Tuesday, 10 April 2012

RDR - the swings and roundabouts of change

There is much debate and mistrust about the upcoming RDR changes within the financial services industry. With clearer charging structures (from the client’s perspective), differentiation between types of advice (genuinely independent vs restricted) and higher standards of adviser qualification, the principles of RDR are positive and logical.
In practice it means, for some businesses, a change in structure, new client segmentation, hard work passing new examinations and maintaining professional standards and finding new ways of communicating with clients.

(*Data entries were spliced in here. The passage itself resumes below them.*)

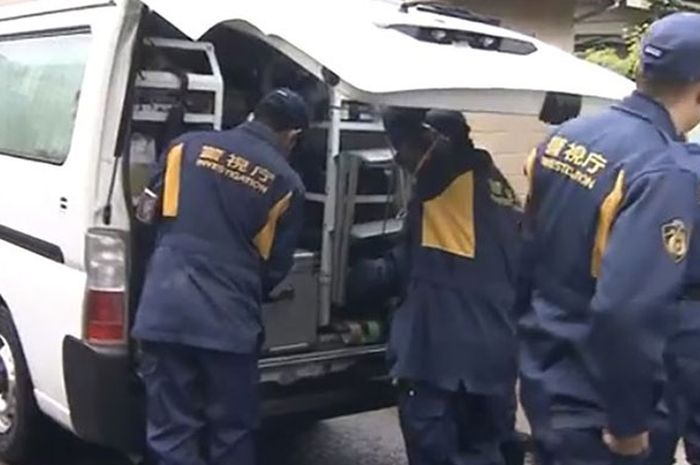 
Polisi yang mengevakuasi mayat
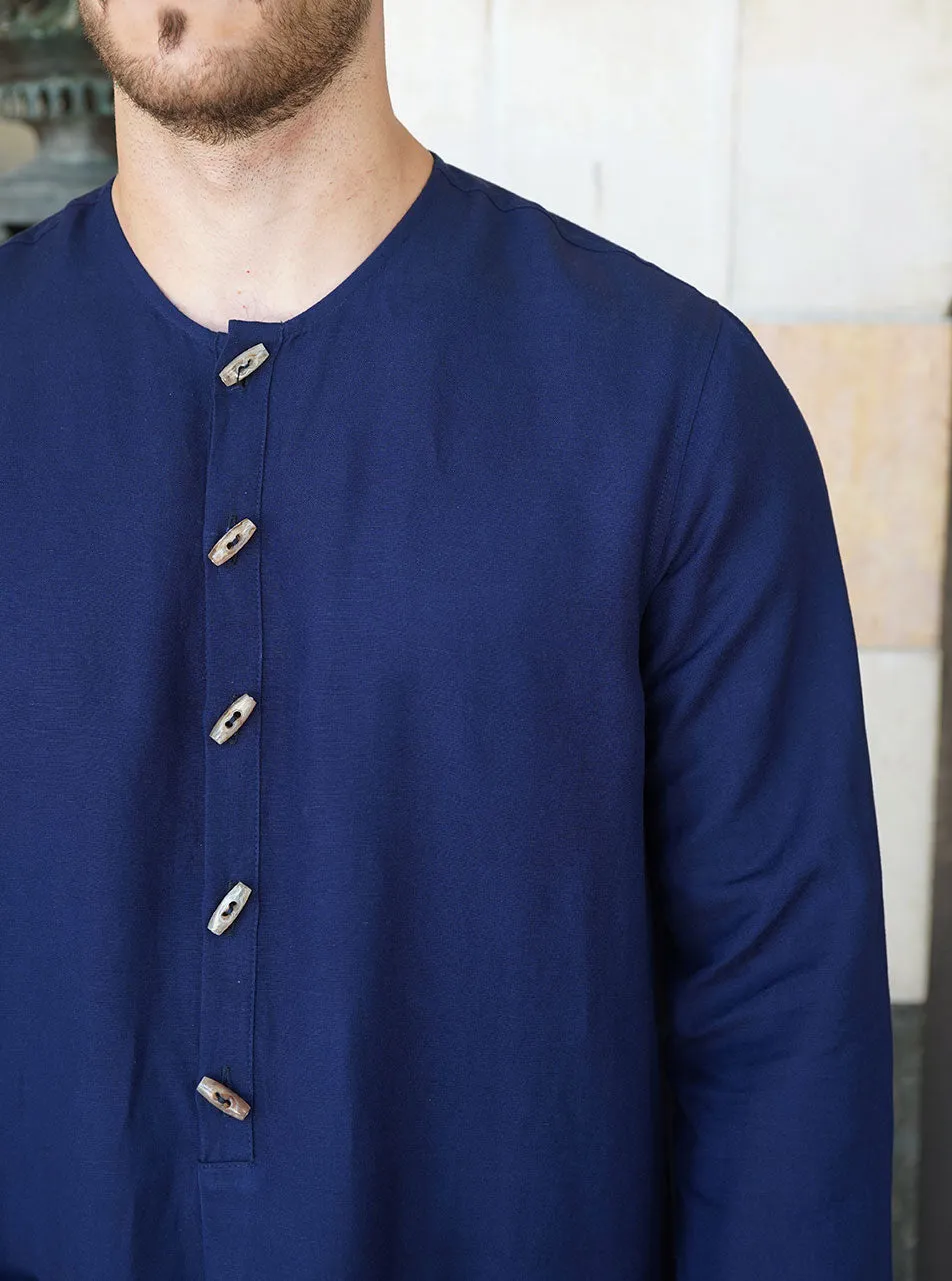 Linen Thobe with Decorative Buttons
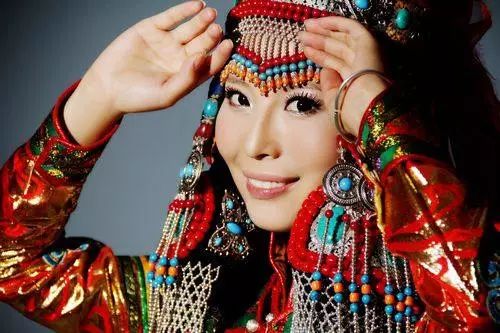 在中国，撑起半边天的蒙古族女人们！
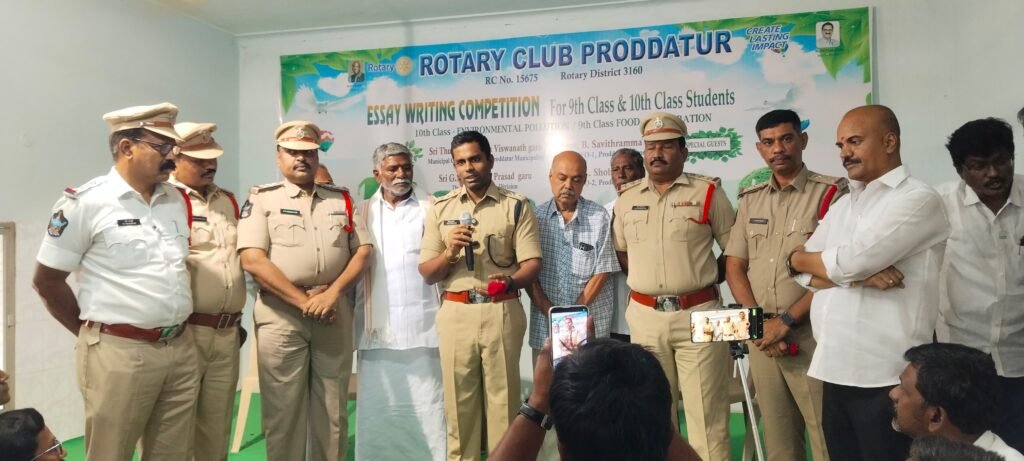 విధి నిర్వహణలోనే కాదు.. సేవలోనూ ముందంజ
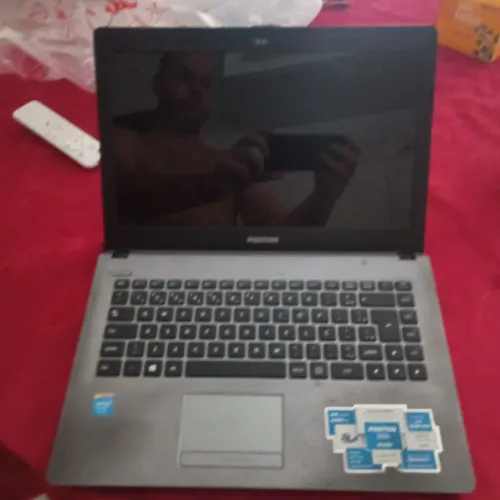 Notebook Positivo Stilo XR3000.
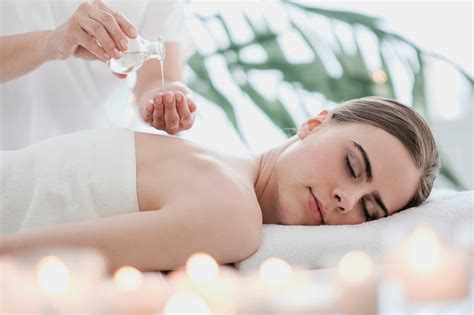 Massage sensuel complet du corps Massage érotique Coquitlam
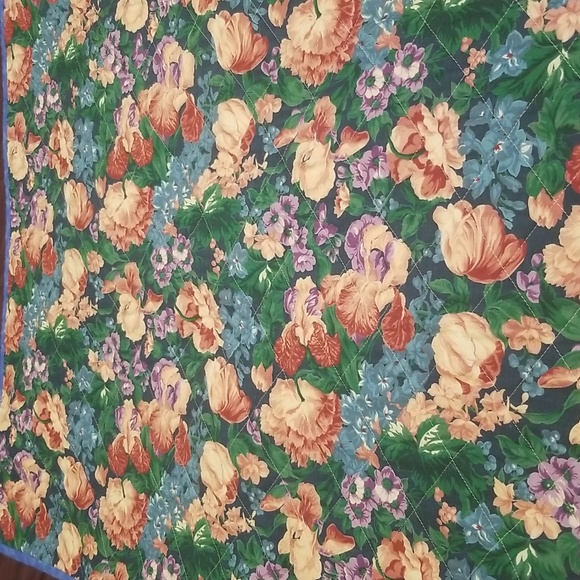 Handmade Quilt 36" x 46" - Picture 6 of 6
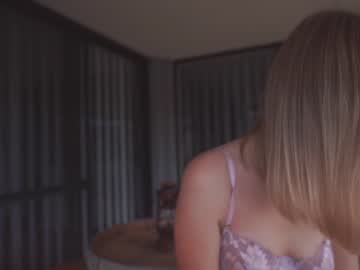 webcam girl bibi_it_is image #4109437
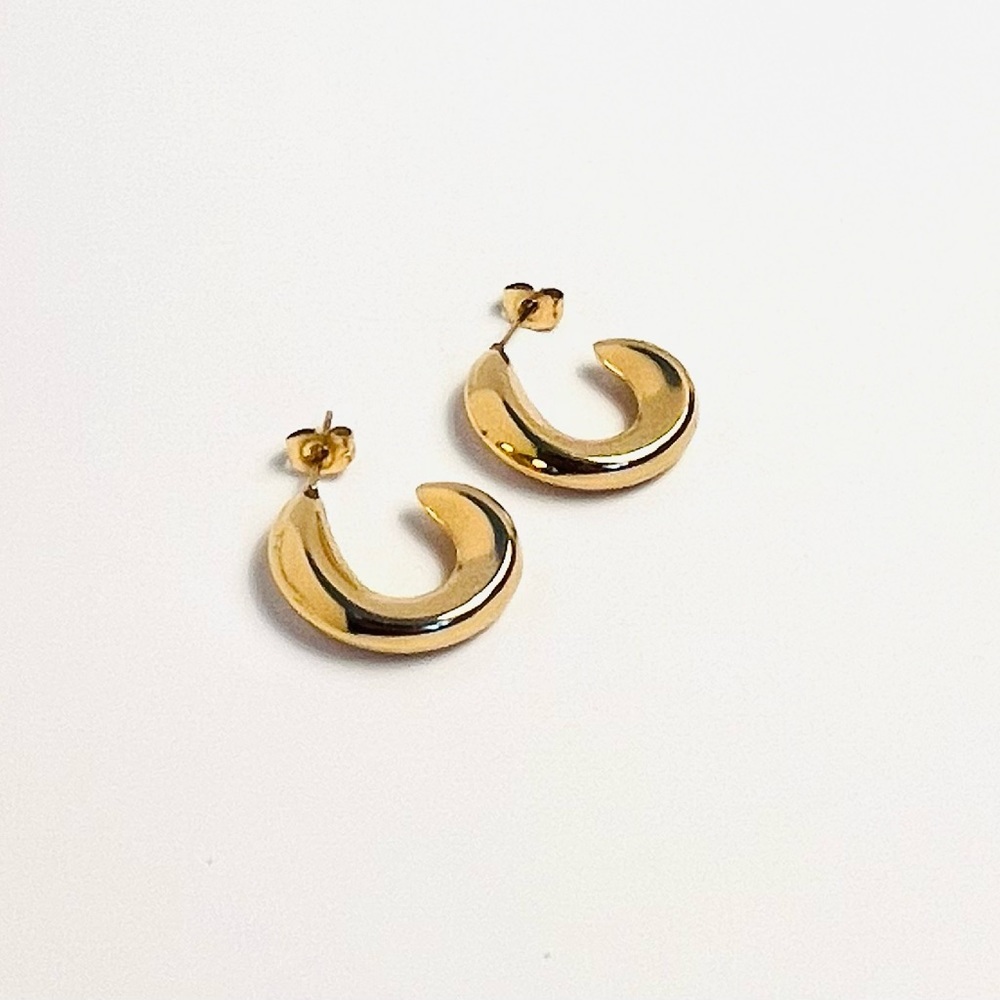 Half moon hoops, stainless steel 18k gold plated - Picture 2 of 5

It would seem logical to say that those who come through the RDR process will excel. Surveys indicate that a fairly significant number of advisers will leave the business after 2012 and this market contraction can only positively serve those who remain. Change is afoot for us all, but some businesses are more prepared than others and the timeframes are clear for all to see, so we all need to be make the necessary changes gradually rather than waiting for the 11th hour in December 2012.
Let’s face it - regulation changes are nothing new. The late 80s saw a complete change in regulation and the way retail financial services were to be provided to clients and in 1994, we saw the introduction of commission disclosure, which aimed to reduce contract charges by allowing investors to see transparent costs and enabling them to shop around. Whilst Armageddon had been predicted, the industry weathered that storm too.
Much of the debate about RDR rages around whether the consumer will in fact be better off as a result – and as with most things, it’s probably a set of swings and roundabouts. There will be clearer communication and clearer charging from higher qualified advisers – but there will be fewer advisers (at least initially) which could reduce choice. Over time, more and more qualified advisers will come into the market and issues of choice will be addressed, whilst everyone will soon become familiar with the new ways to charge. The soundest IFA businesses have always been those that put the client first – the ones who do not ‘product push’ but who know their clients over the long term and understand how to add genuine value – and who appreciate that some clients make you more money than others, but everyone must be treated fairly.
A commitment to solid business processes and efficient handling of compliance and competitive charging is now an even greater imperative. With a continued emphasis on putting the client first, on communicating the changes to them and always being there to explain any concerns and questions they might have, those same businesses have little to fear from RDR in 2013 - and plenty to gain.